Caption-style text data
Content starts

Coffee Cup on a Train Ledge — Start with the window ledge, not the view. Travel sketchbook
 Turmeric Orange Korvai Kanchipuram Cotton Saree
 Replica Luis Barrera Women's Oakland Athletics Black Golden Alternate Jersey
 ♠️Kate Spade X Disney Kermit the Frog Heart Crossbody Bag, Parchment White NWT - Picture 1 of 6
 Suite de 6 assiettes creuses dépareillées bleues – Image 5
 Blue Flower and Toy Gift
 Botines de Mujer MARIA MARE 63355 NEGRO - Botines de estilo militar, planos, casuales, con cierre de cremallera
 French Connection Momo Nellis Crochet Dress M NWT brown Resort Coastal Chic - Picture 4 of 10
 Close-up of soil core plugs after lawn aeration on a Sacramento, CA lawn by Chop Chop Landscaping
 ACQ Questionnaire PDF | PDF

Content ends

▶ What is being asked: Across all the records above, find each line with "Picture" in it and copy it.

▶ Your response:
 ♠️Kate Spade X Disney Kermit the Frog Heart Crossbody Bag, Parchment White NWT - Picture 1 of 6
 French Connection Momo Nellis Crochet Dress M NWT brown Resort Coastal Chic - Picture 4 of 10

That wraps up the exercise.